Collect all lines from the listing that include the string "image".

:: GIVEN INFORMATION ::

^^^^

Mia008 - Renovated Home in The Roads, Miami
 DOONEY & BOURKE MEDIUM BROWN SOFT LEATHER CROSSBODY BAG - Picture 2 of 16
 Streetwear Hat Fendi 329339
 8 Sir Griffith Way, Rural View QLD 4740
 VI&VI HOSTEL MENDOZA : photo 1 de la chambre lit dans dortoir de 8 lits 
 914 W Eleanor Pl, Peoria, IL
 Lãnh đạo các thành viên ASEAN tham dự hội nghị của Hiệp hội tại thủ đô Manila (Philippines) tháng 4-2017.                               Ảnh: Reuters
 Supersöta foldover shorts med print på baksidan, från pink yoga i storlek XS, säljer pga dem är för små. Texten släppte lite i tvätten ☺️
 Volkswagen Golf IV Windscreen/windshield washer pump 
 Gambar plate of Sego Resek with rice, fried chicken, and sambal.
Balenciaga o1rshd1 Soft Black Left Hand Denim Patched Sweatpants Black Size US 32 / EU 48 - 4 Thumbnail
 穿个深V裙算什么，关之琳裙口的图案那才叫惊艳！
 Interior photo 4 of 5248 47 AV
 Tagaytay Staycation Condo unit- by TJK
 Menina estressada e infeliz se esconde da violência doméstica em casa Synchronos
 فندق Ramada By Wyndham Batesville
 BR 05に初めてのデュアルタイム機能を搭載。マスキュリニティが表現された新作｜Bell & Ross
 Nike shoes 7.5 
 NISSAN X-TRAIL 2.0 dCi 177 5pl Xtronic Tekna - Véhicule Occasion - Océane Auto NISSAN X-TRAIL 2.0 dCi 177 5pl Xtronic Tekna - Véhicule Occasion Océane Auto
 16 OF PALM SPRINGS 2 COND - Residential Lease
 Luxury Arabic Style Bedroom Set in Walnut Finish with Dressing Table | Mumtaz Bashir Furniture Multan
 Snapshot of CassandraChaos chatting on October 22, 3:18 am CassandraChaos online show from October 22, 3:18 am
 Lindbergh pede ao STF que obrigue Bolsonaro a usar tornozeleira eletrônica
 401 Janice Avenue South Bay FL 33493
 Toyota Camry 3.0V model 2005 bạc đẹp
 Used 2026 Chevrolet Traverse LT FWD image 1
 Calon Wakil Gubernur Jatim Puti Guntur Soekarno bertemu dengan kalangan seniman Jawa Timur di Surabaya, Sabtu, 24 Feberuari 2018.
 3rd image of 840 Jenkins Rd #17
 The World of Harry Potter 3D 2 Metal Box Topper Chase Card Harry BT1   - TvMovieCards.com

^^^^

:: RESULT OF THE TASK ::
 Used 2026 Chevrolet Traverse LT FWD image 1
 3rd image of 840 Jenkins Rd #17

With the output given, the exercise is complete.